- Exercise instructions -
Leave every picture out, and give again exactly the lines from the one containing "Libertee Chair w/Pillow, Beige" through the end of the listing.

(Listed records)

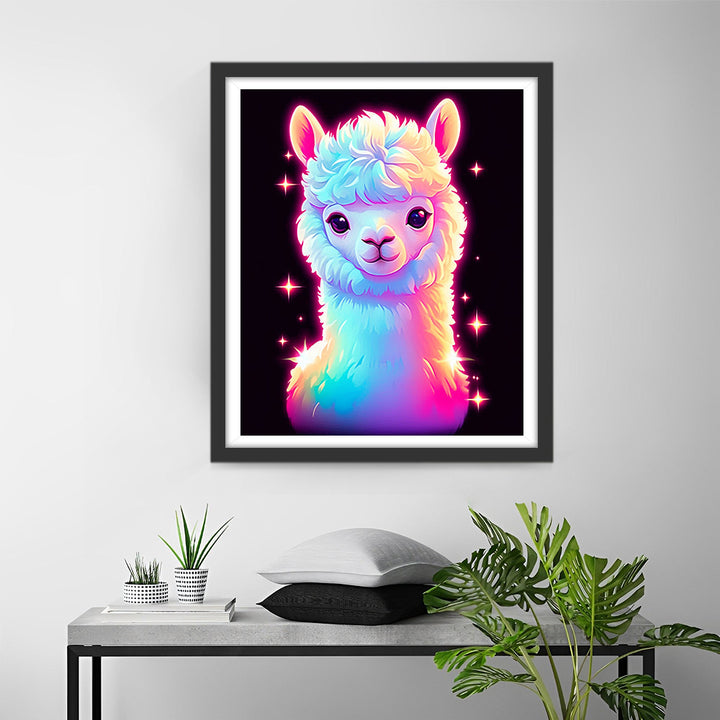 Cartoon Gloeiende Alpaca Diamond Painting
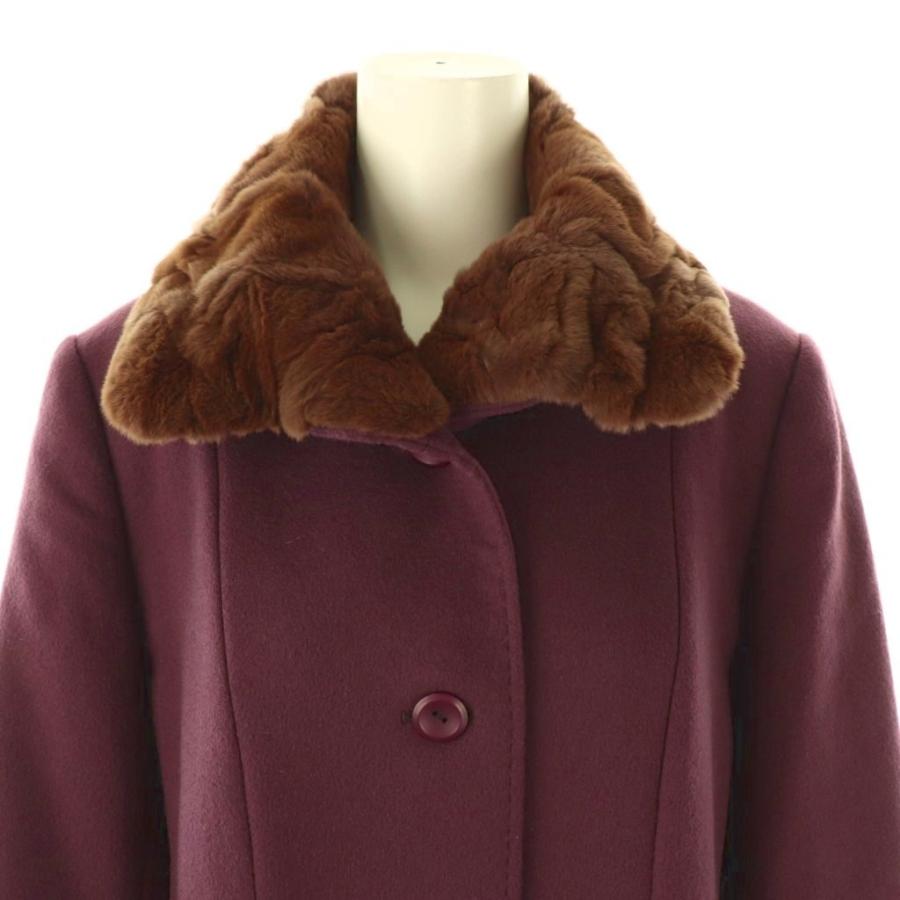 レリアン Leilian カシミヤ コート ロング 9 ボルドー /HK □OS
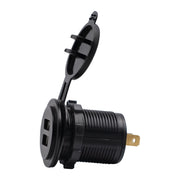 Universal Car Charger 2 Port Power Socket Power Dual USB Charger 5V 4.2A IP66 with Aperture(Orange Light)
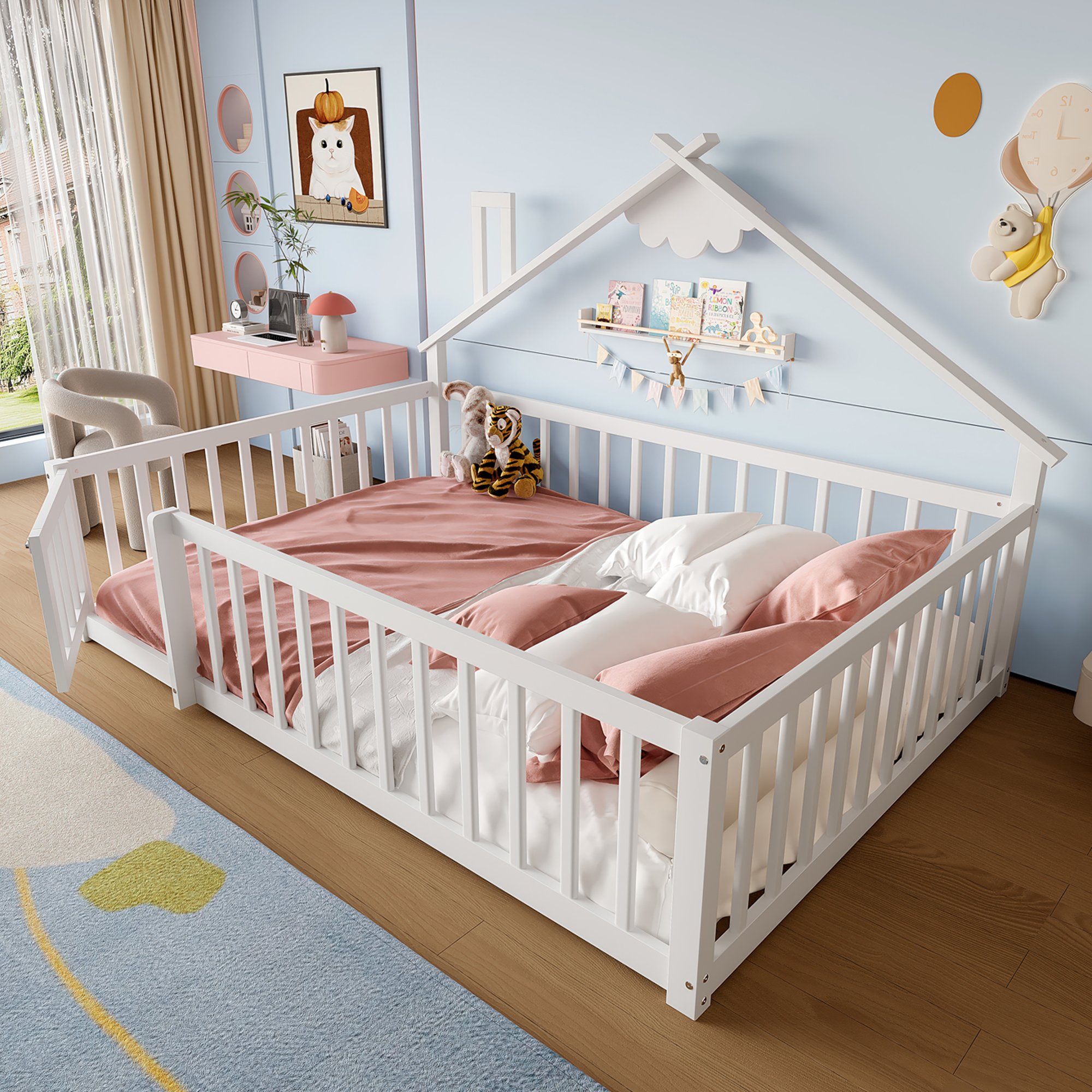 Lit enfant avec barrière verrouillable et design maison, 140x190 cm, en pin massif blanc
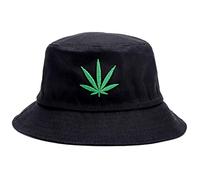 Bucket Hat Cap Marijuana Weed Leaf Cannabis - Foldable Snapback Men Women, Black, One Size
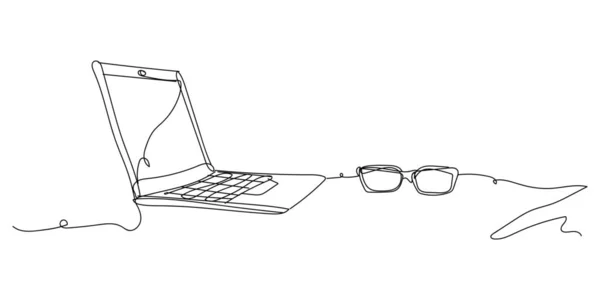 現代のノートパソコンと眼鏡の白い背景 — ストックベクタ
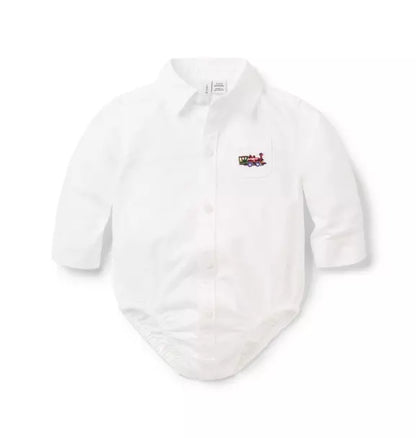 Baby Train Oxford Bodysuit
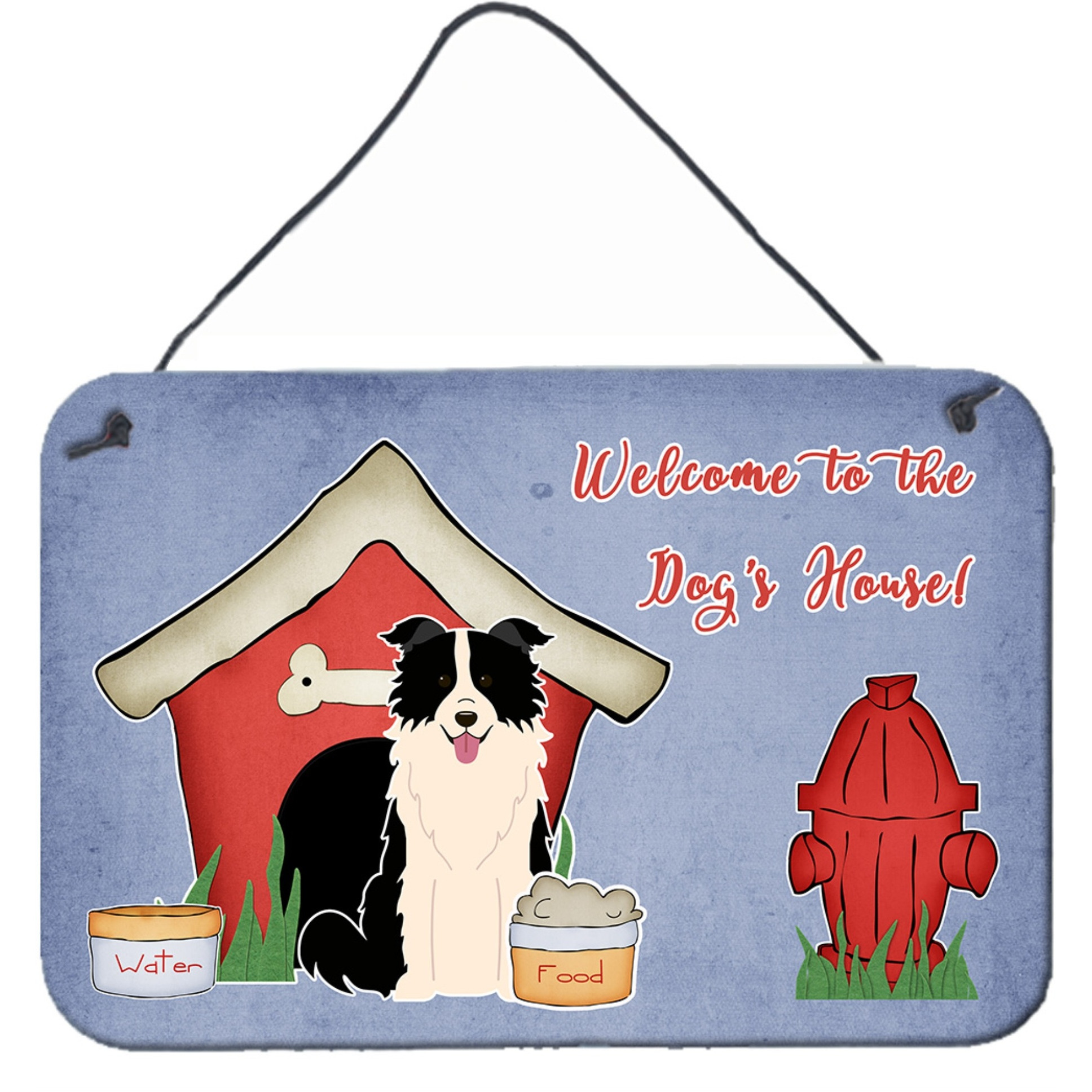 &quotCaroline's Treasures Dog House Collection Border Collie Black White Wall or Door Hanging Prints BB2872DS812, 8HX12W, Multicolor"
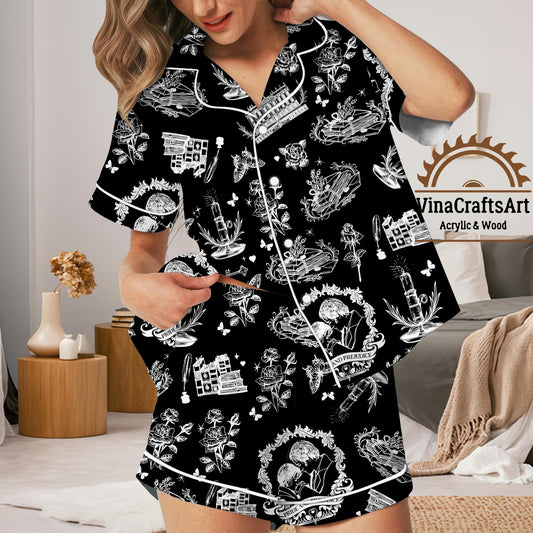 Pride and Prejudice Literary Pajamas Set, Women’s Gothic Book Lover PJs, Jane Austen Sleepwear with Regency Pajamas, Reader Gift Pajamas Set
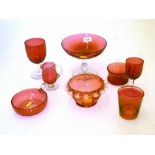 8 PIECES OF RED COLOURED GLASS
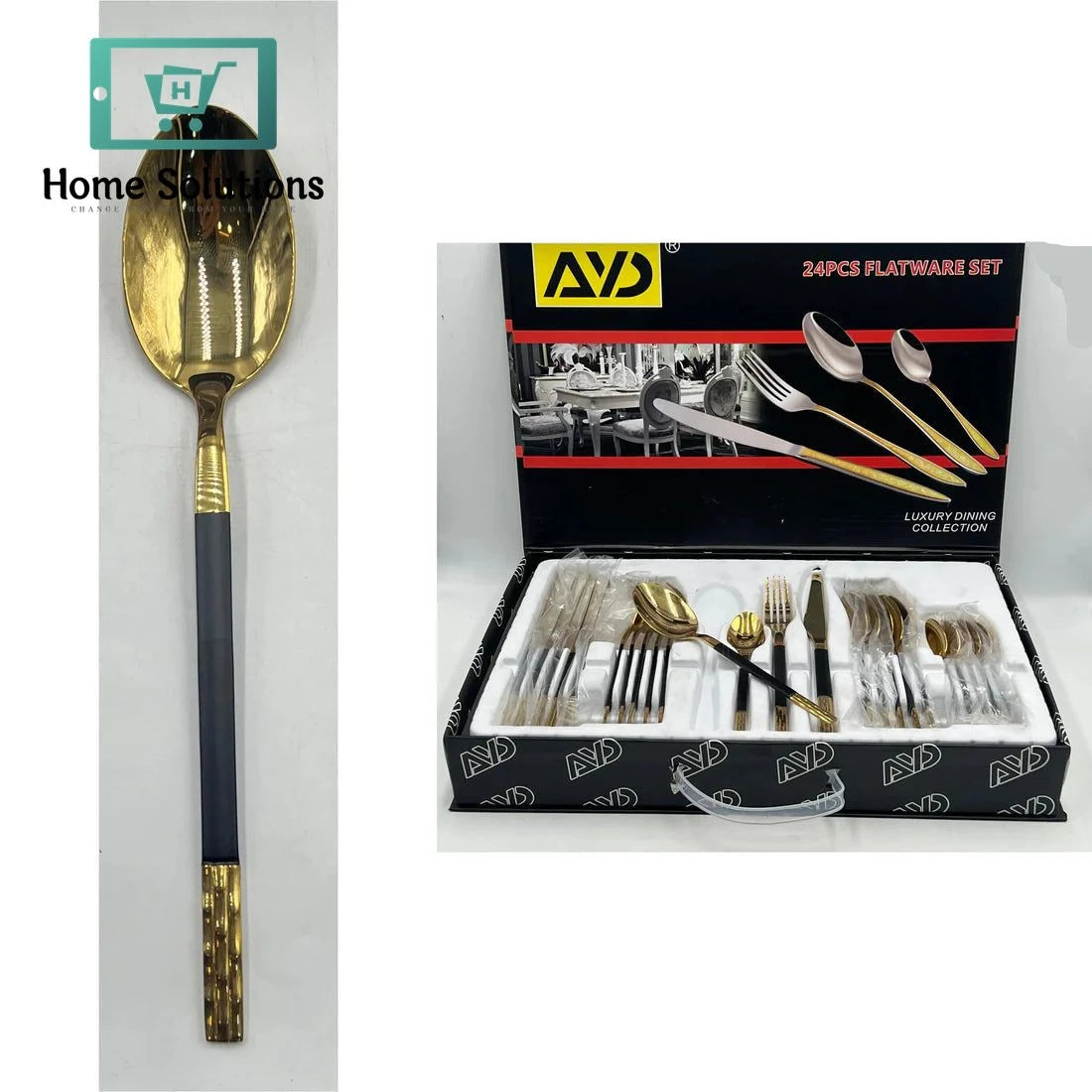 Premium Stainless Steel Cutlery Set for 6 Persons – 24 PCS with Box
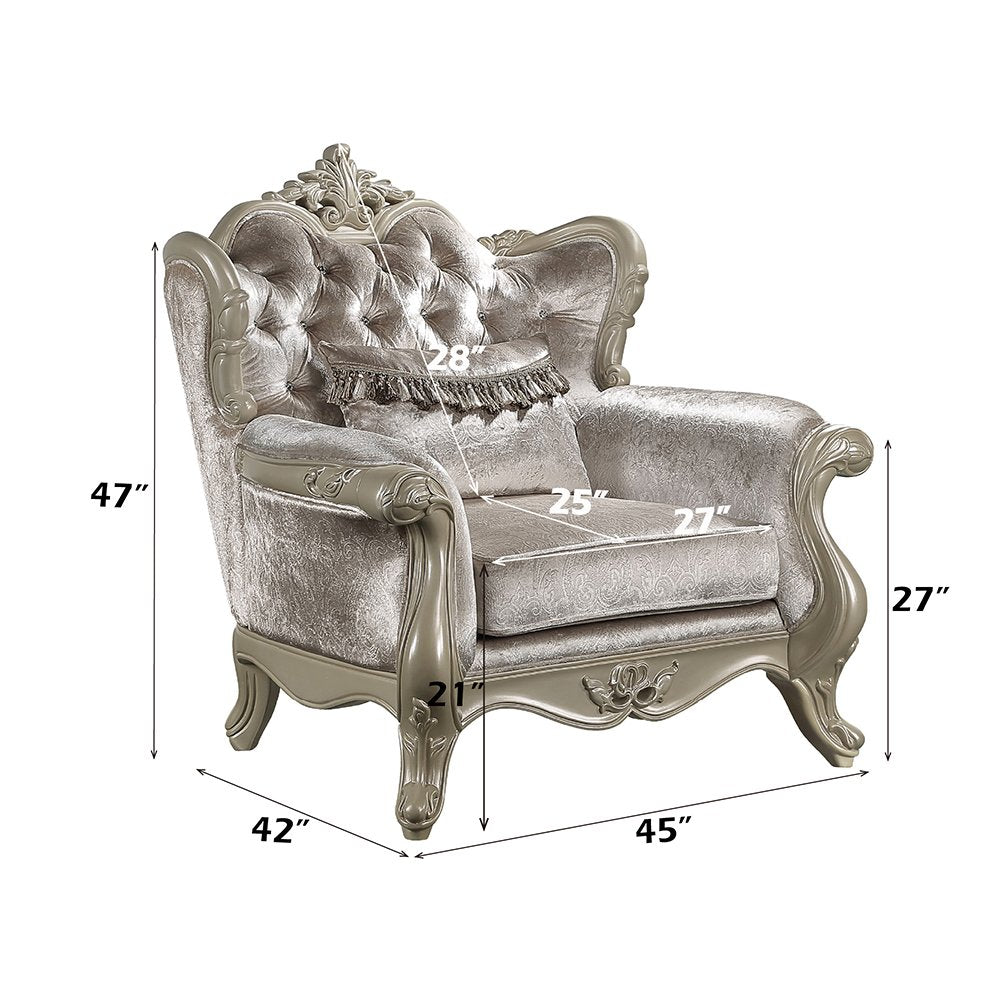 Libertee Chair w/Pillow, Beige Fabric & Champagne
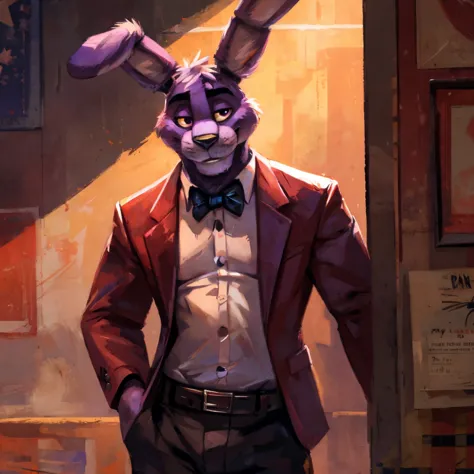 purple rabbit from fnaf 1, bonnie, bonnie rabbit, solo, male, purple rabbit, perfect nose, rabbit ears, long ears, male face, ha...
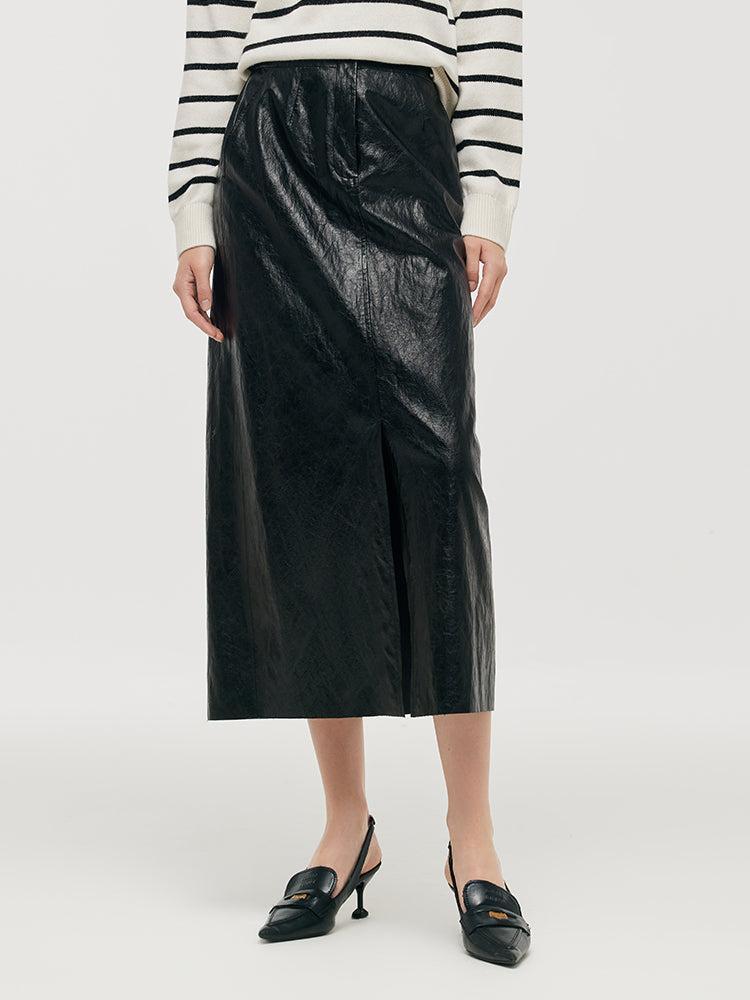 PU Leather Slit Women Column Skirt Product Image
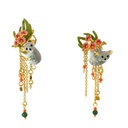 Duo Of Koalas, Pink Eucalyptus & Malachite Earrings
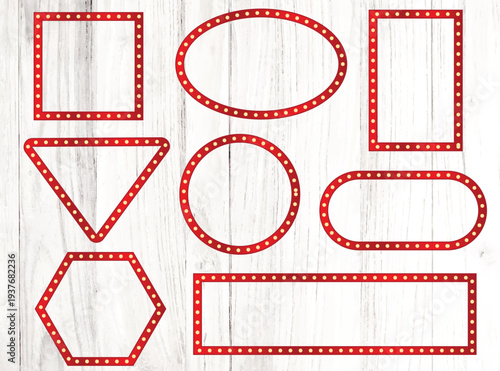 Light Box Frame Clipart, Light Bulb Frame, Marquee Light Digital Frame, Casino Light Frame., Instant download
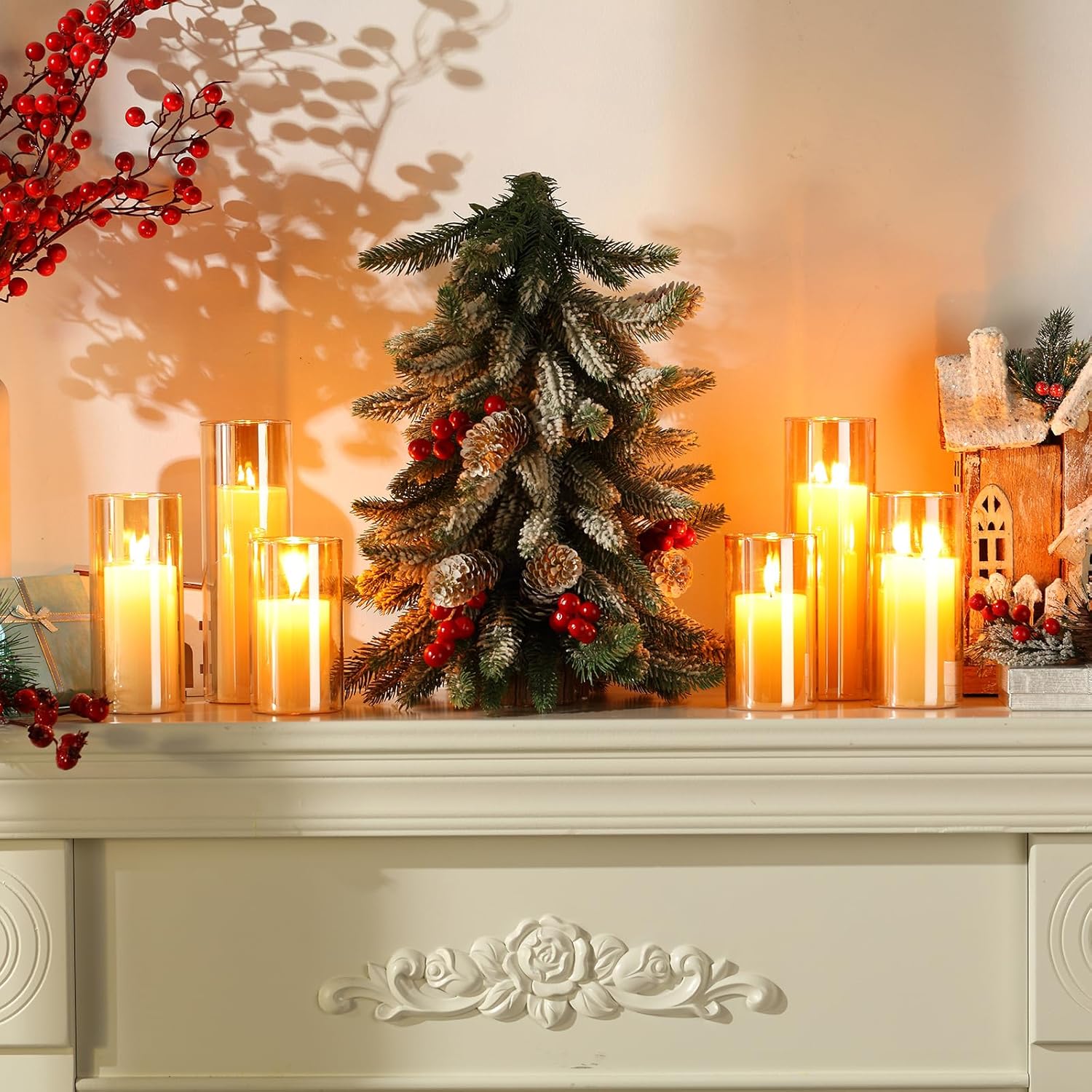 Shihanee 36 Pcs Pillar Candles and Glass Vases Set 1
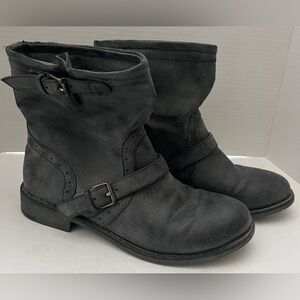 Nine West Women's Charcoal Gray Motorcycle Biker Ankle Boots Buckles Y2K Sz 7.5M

(End Listed records)

- Task answer -
 Libertee Chair w/Pillow, Beige Fabric & Champagne
 purple rabbit from fnaf 1, bonnie, bonnie rabbit, solo, male, purple rabbit, perfect nose, rabbit ears, long ears, male face, ha...
 PU Leather Slit Women Column Skirt Product Image
 Duo Of Koalas, Pink Eucalyptus & Malachite Earrings
 Light Box Frame Clipart, Light Bulb Frame, Marquee Light Digital Frame, Casino Light Frame., Instant download
 Shihanee 36 Pcs Pillar Candles and Glass Vases Set 1
 Nine West Women's Charcoal Gray Motorcycle Biker Ankle Boots Buckles Y2K Sz 7.5M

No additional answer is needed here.